This I Believe

Stephanie - Manitowoc, Wisconsin
Entered on March 27, 2007
Age Group: 30 - 50

I make lists. Lots of them. I could even go so far as to say that I may need to join a support group. You can check my pocket right now, I can almost guarantee that you will find a neatly folded list there.

Some of my lists are downright mundane- bills, budgets, groceries, and the ever-present to-do-list. Others are more existential-college courses plotted out years in advance and a “things-to-do-before-I-die” list that is under constant revision. I even made a “pros and cons” list when my husband proposed (thank goodness the pros side was longer). But no matter how important or how insignificant they may seem, all of these lists are made with the same amount of thought and gravity.

Most people would say that I am wasting my time and possibly that I am more than just a little bit of a control-freak. But to be honest, if I never complete these lists that would be perfectly fine with me. They are simply signposts marking out a path.

I make lists because I believe that making lists is a life-affirming process. Each list made is a way of plotting and planning my future; of reassuring myself that I am making headway toward my goals and of keeping my options open in case my plans go awry. They lend reality to my dreams and help me visualize the path I plan to take in order to reach those dreams.

Because of these lists, I can feel the reins to my life resting lightly in my hands and I know that I am in charge of my future. They give me the confidence that I can lead myself forward at my own pace and in whatever direction I want to go.

These lists are not simply accomplishments or items to be checked off as they are completed. But rather they are items to be contemplated and improved upon as needed. From the lowly loaf of bread on my grocery list to the myriad of options I can choose from off of my “things-to-do-before-I-die” list, each choice not only says who I am and what is important to me now, but also states who I plan to become in the future.

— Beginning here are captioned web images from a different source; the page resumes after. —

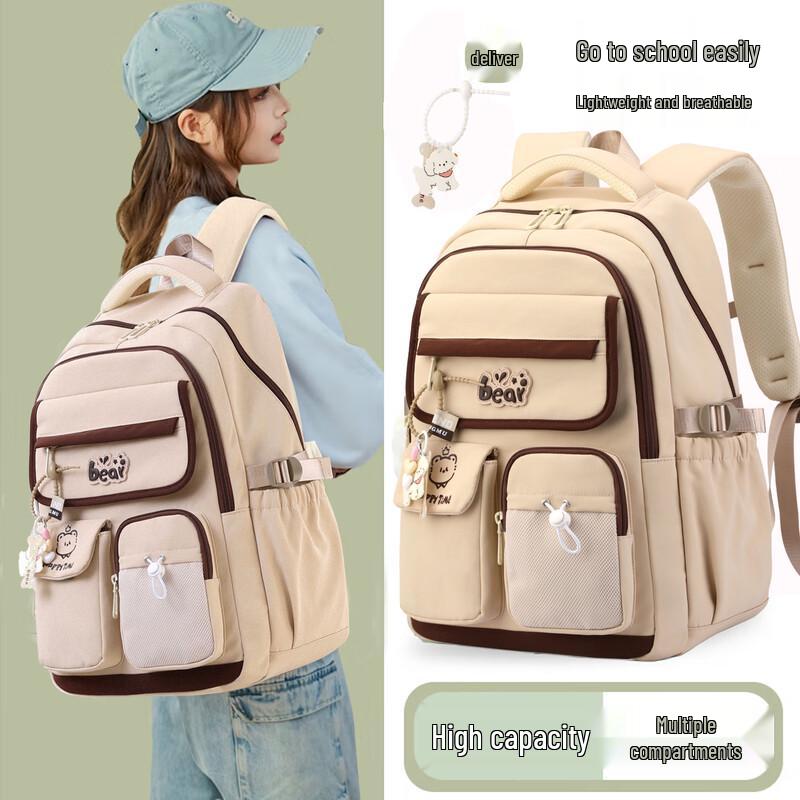 Anyshine Girls' Lightweight Spine Protection School Backpack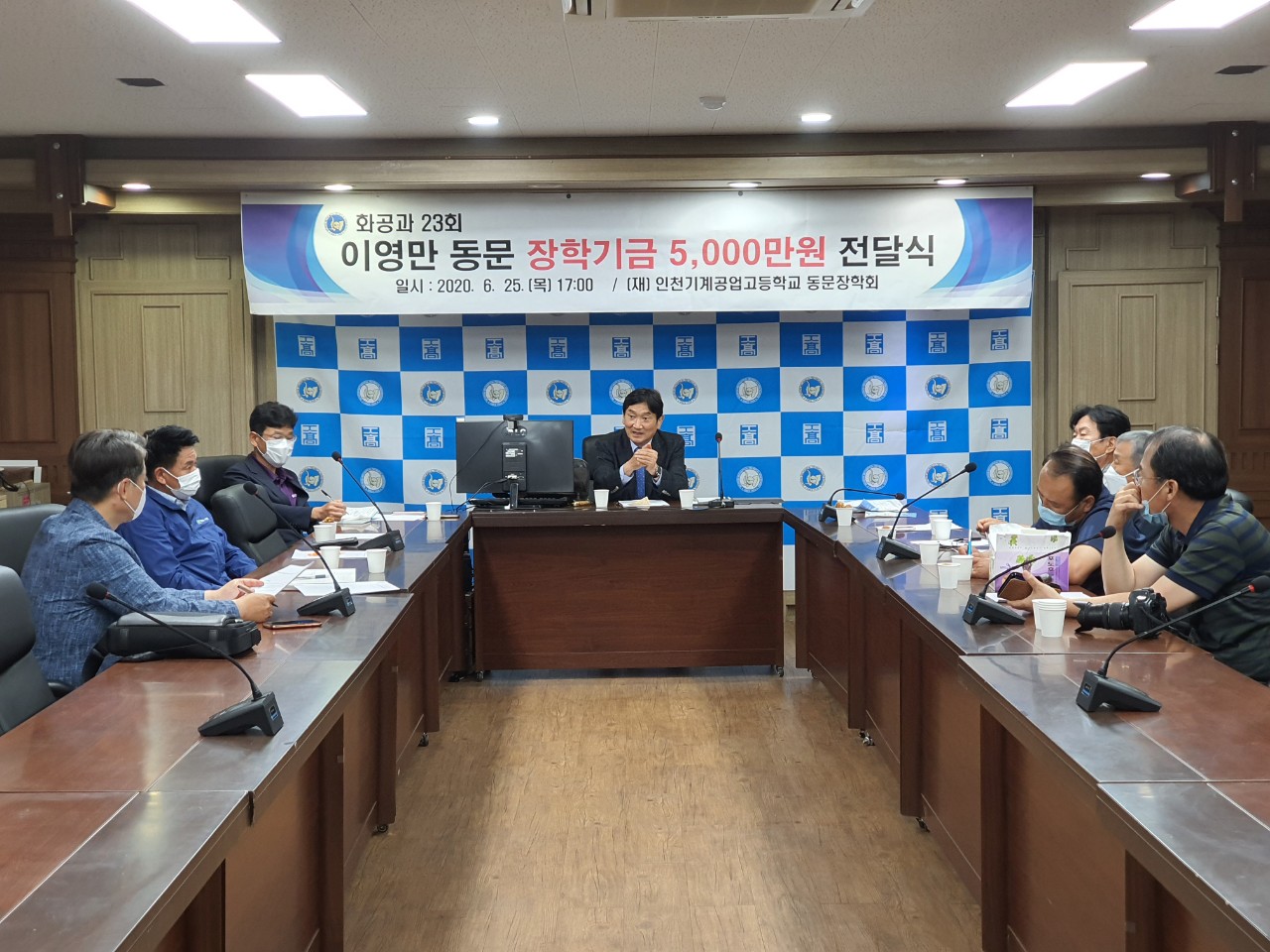 (재)인천기계공고동문장학회 임원-전체 사진-20809330399.jpg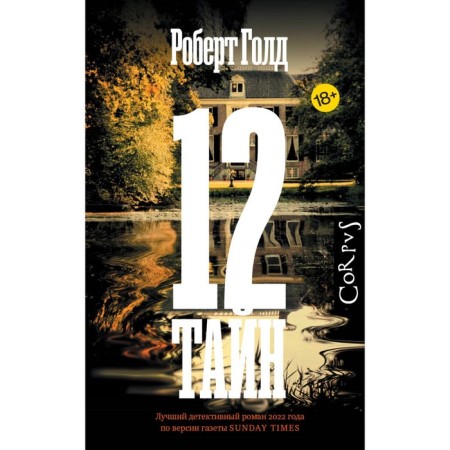 12 secrets. Gold R.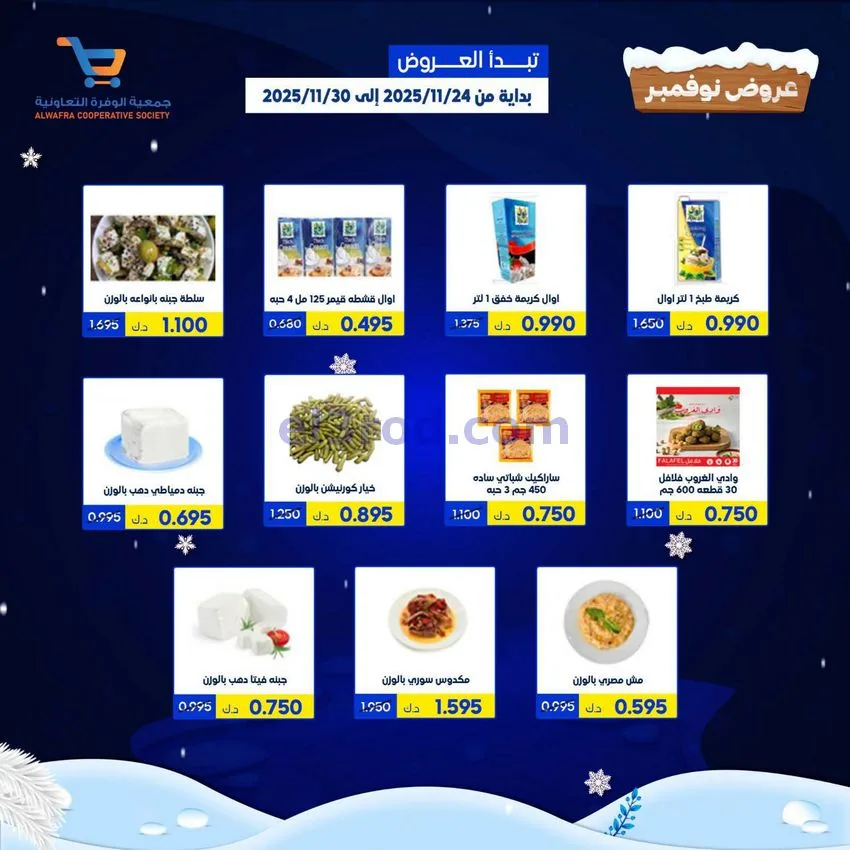 عروض جمعية الوفرة التعاونية|24 حتى 30-11-2025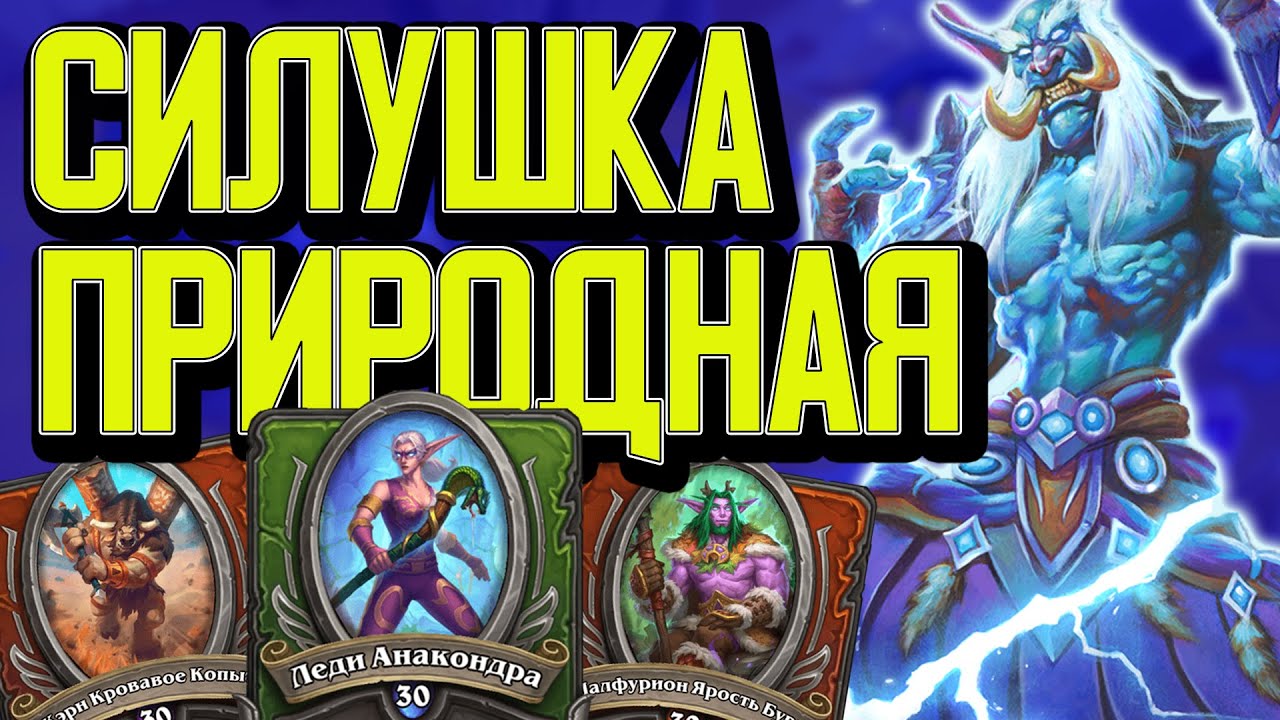 НЕ ЗЛИ ДРУИДА / ОТРЯД НА СИЛЕ ПРИРОДЫ / БРУКАН ОП / Hearthstone / Наемники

And so, as I visualize myself standing in a small backroom at the local YMCA saying, “Hi, my name is Stephanie and I am a list-maker“, I cannot keep a note of pride from my voice in this little vision of mine. Because I know two things, one is that I will not be alone in that room-there will be others sitting there in little grey folding chairs nodding knowingly and murmuring their understanding. The second thing I know is that there is going to be at least one list in my pocket.